Does Emissions Trading Encourage Innovation  
    by David Driesen.  
    Environmental Law Reporter, Vol. 32 January 2003 
    
    Abstract 
    This article questions the conventional theory purporting to establish that emissions
    trading encourages innovation better than comparable traditional regulation. The
    conventional theory relies upon the incentive emissions trading creates for polluters to
    make additional reductions in order to sell credits. But emissions trading also creates
    incentives for half of the pollution sources (the credit buyers) to make less reductions
    than they would under a traditional regulation.
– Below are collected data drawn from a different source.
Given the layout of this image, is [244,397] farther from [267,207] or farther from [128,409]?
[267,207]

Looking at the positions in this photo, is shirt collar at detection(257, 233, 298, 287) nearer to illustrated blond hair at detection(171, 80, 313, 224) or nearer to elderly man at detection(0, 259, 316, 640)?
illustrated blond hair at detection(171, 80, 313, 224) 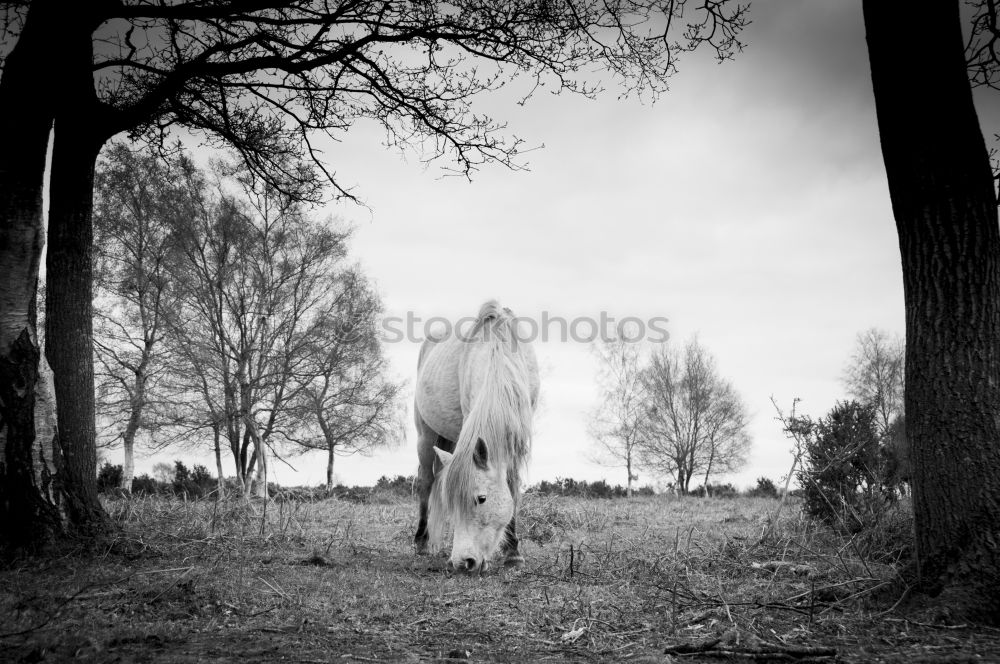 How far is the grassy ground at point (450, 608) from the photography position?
3.15 metres

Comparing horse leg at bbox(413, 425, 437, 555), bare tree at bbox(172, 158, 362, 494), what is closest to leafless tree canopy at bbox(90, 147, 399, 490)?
bare tree at bbox(172, 158, 362, 494)

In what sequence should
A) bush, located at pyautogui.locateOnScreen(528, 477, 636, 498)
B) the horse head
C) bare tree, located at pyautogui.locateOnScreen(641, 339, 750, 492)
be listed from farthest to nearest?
1. bare tree, located at pyautogui.locateOnScreen(641, 339, 750, 492)
2. bush, located at pyautogui.locateOnScreen(528, 477, 636, 498)
3. the horse head

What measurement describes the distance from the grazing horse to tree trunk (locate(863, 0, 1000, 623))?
307 centimetres

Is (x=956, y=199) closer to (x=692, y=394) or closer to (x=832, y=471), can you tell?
(x=832, y=471)

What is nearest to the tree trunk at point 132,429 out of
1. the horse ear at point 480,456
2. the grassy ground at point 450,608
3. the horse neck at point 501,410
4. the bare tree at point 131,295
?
the bare tree at point 131,295

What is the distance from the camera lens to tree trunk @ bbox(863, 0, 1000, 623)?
3.86 meters

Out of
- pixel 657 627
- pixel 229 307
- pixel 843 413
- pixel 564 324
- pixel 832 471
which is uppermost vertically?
pixel 229 307

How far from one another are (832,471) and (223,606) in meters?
7.11

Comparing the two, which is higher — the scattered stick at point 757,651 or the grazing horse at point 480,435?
the grazing horse at point 480,435

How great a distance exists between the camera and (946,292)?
402 cm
By focusing analysis only upon the sellers
    of credits, the traditional theory systematically biases results.  
     
    The induced innovation hypothesis  that innovation occurs in response to high costs
     would suggest that emissions trading would tend to discourage innovation by
    lowering the cost of compliance through conventional techniques. Even innovation that
    costs a lot now can prove economically and environmentally superior over the long run,
    because innovation can make costs of new techniques fall over time and some innovations
    provide very wide ranging environmental benefits. But emissions trading encourages
    selection of the techniques with the cheapest current cost, not the cheapest long-term
    cost or the greatest long-term value.  
     
    This article forms part of a larger project arguing for an economic dynamic approach to
    environmental law and law and economics. The author's forthcoming book, "The Economic
    Dynamics of Environmental Law" (MIT Press 2003) sets out the full theory.